Spring Rafting on Cedar Logs

My hometown is known for its 3 rivers. Cedar log rafting on white water is dirt cheap, and extremely dangerous, but one early spring in the 1960’s 2 teenagers from Derby, Maine and I decided to give it a try. My brother, a best friend, and I took the notion to abandon the calm water of the Sebec River for a wild rafting adventure. It was an annual ritual to build replacement rafts because any from the year before were long gone.

About a mile downstream from the old swimming hole, the Sebec converges with the Piscataquis River. From near the mouth of the Piscataquis and all the way upstream just beyond the iron bridge, huge rocks meant the rapids were especially wild during the spring thaw. The plan was to build a cedar log raft a mile up the Piscataquis, ride the rapids, and then take the raft up the Sebec and tie her up or set an anchor near the old swimming hole Down Back.

We spent 2 days and built a beauty of a raft around 6 feet wide and 15 feet long from cedar logs. Our brave trio returned the third day and launched her into the calm and frigid water. It wasn’t said, but we knew it. Fall off and death was nearly certain. For 15 minutes the ride was smooth and relaxing, and then about a quarter mile from the rapids, we held a meeting and decided to go ashore and drop off the friend. I believe he volunteered. The extra elbow room probably saved 1 or 2 lives.
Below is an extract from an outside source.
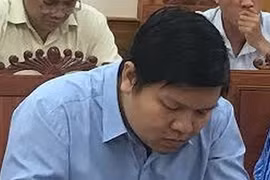 Cựu phó Giám đốc sở ở Bình Định khiếu nại việc xóa đảng tịch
Excitement and adrenalin shot skyhigh as we neared the rapids standing up, and then we hit ’em. Immediately, I mean instantly, the poles were ripped from our hands as they caught between rocks, and we rushed along helplessly out of control. Within minutes we smashed into a huge rock (one that I know personally), and stuck solid with the backend facing upstream while waves of water rushed around each side. Fortunately, enough of the rock was above the surface to hold both of us, so we climbed off and pushed at the raft to cut her loose.
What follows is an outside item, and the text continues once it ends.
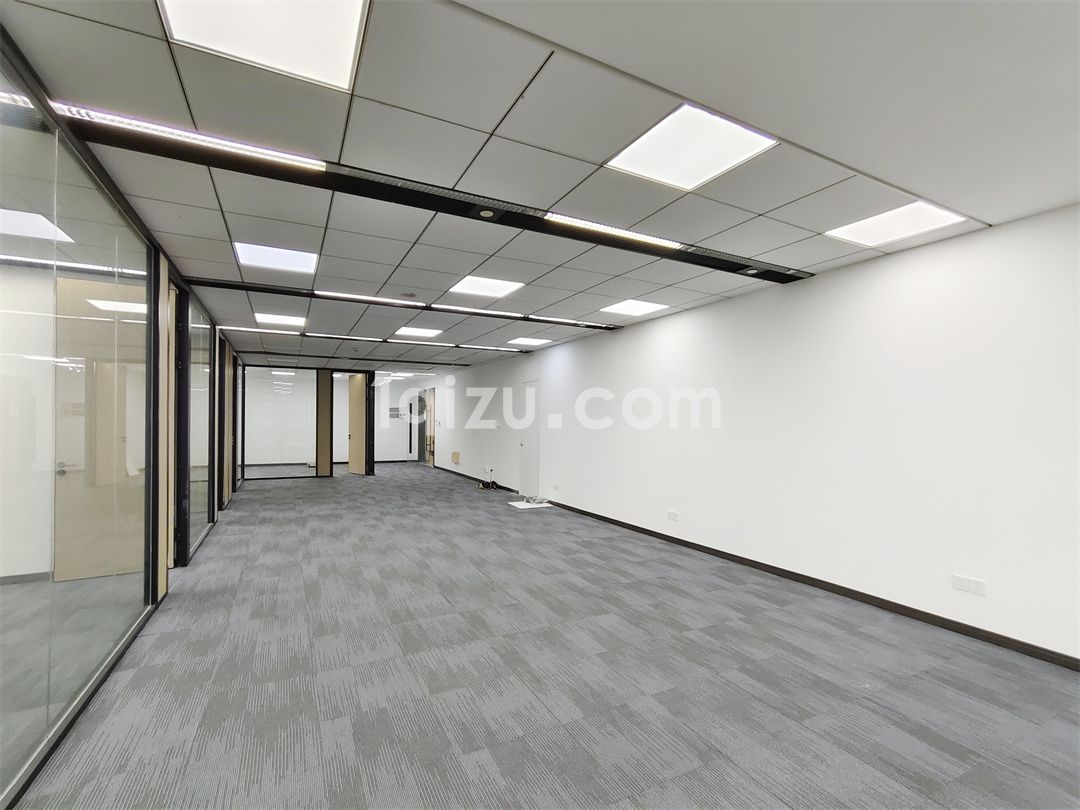 地铁1号线湖西董事汇中区252平精装带家具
Next, the physical laws of nature took over as the strong current whipped the raft to the right and around the rock, and she was off and running. I gotta credit my brother for quick thinking because he jumped on the raft as it spun by while I stood abandoned on the big rock (that one I know personally). Instinct kicked in, and I jumped. I missed. Half way anyway. My chest barely made the edge of the backend of the raft with most of me in the water. Grabbing me by the back of my jacket, my brother dragged me aboard. The balance of the ride was without incident, except without poles our only choice was to tear off part of the raft to paddle up the Sebec and out of the rushing current.
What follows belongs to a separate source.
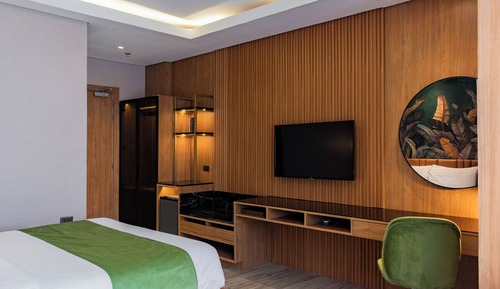 Premium Room, 1 Queen Bed, City View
It was a struggle getting 100 feet upstream considering we were shivering wet and ice cold with chattering teeth. Eventually we succeeded and about 20 minutes later we tied the raft to shore just as our friend arrived. The trek to the old swimming hole would have to wait another day.

Jim's handwritten signature

P.S. That rock that I knew personally was 9 feet high and usually standing in a foot of water by the end of summer. I’ve climbed and jumped from it many times before and since, so I know the water was 8 feet deep when I made the leap of my life.